Lo prendiamo alla lettera e andiamo in Via della Consolazione 4, sotto la rupe Tarpea, nel fortilizio che si è ribellato al sindaco e ha vinto perché non ha subito serie conseguenze mostrando il suo potere d'interdizione. Hanno messo al comando un poliziotto; dopo l’arresto dell’ex capo Angelo Giuliani, c’è Raffaele Clemente, che viene dalla sala operativa della Questura. Ma la normalizzazione non ha funzionato. Come non funziona la scorciatoia giudiziaria.
[**Video_box_2**]Il sindaco Ignazio Marino ha tentato di riempire il vuoto di potere ricorrendo alla magistratura. Ha nominato Alfonso Sabella (all’Antimafia di Palermo con Gian Carlo Caselli) assessore alla legalità e commissario straordinario nel verminaio di Ostia. Ma Giuseppe Pignatone il procuratore capo “scopritore di nuove mafie”, passato da Palermo a Reggio Calabria e poi a Roma su impulso di Giorgio Napolitano, ha preso tutti in contropiede. E’ lui oggi l’uomo forte nella slabbrata mappa del potere capitolino.
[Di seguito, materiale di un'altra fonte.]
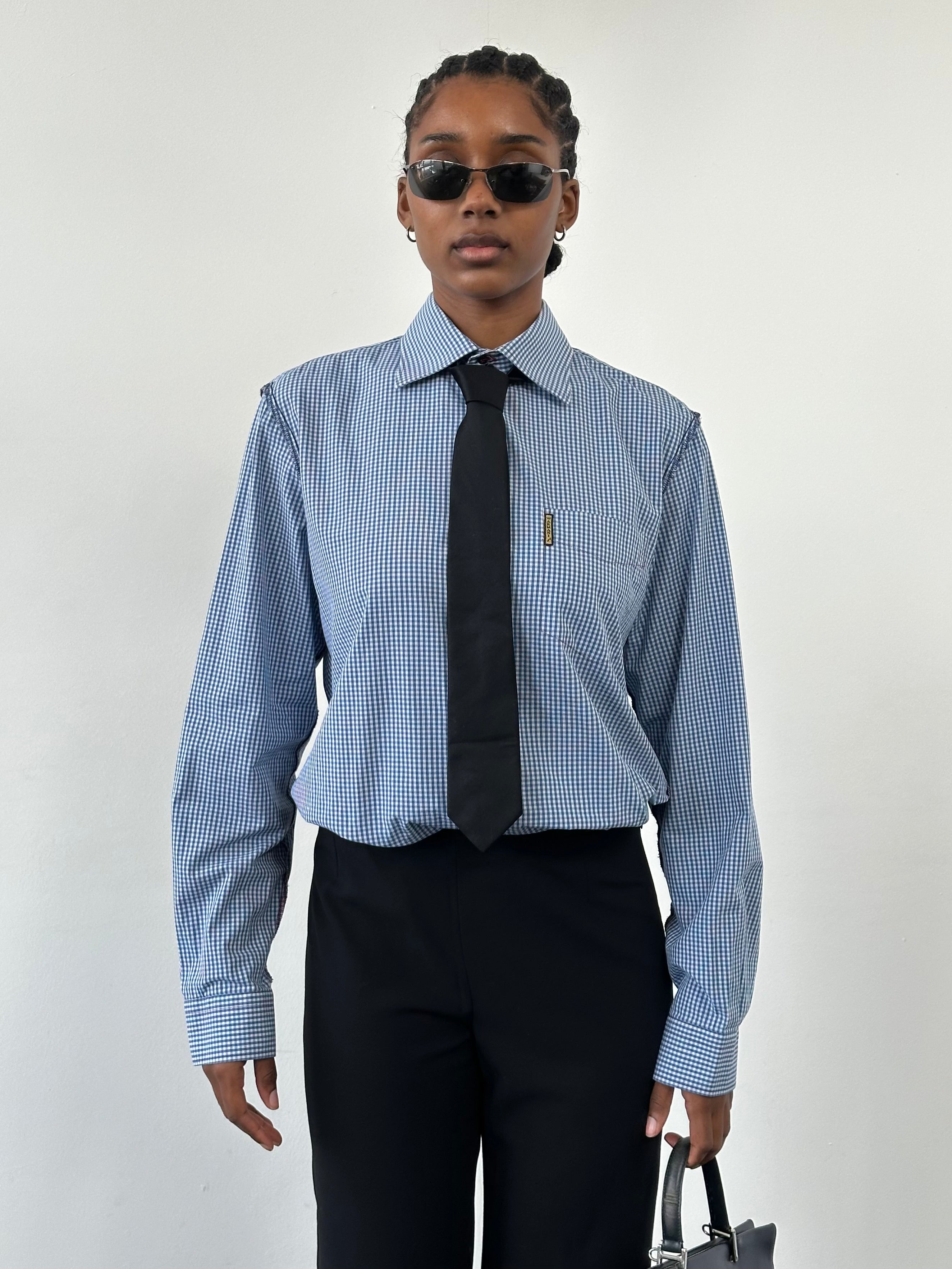 Armani Jeans 2000s pure cotton gingham shirt with reverse stitch in size M, featuring classic checkered design and button-down collar.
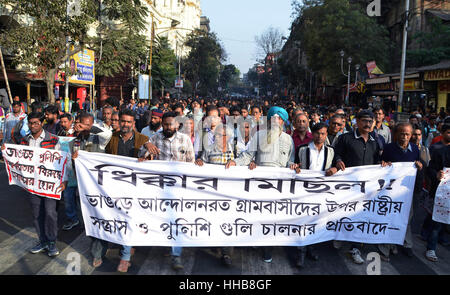 Kolkata, Indien. 18. Januar 2017. Sozialaktivist organisierte eine Kundgebung, Polizeieinsatz in Bhangar und zwei Tote zu verurteilen und viele verwundet während des Protestes gegen die Power-Grid-Projekt an der Bhangar. Bildnachweis: Saikat Paul/Pacific Press/Alamy Live-Nachrichten Stockfoto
L’inchiesta giudiziaria rischia di travolgere il sindaco non perché colluso, ma perché debole. Francesco Rutelli e Walter Veltroni hanno sfidato Silvio Berlusconi; hanno perso, però avevano la stoffa per entrare a palazzo Chigi. Nessuno lo direbbe dell’ex chirurgo, primo cittadino situazionista. Il ventilatore della procura sta gettando schizzi anche su Nicola Zingaretti, uomo della “ditta”, esponente della filiera che dal Pci porta al Pd, il politico più strutturato della non ricca scuderia capitolina. Mentre Roma si trova con un capo del governo che non la conosce, non la ama e la tiene a distanza. Lo stesso era accaduto con Berlusconi che però l'aveva lasciata al proprio plenipotenziario Gianni Letta. Renzi non ha un vicere: Matteo Orfini, giovane emergente, commissario straordinario (forse liquidatore) del Pd romano, nonostante la play station non fa parte del giglio magico.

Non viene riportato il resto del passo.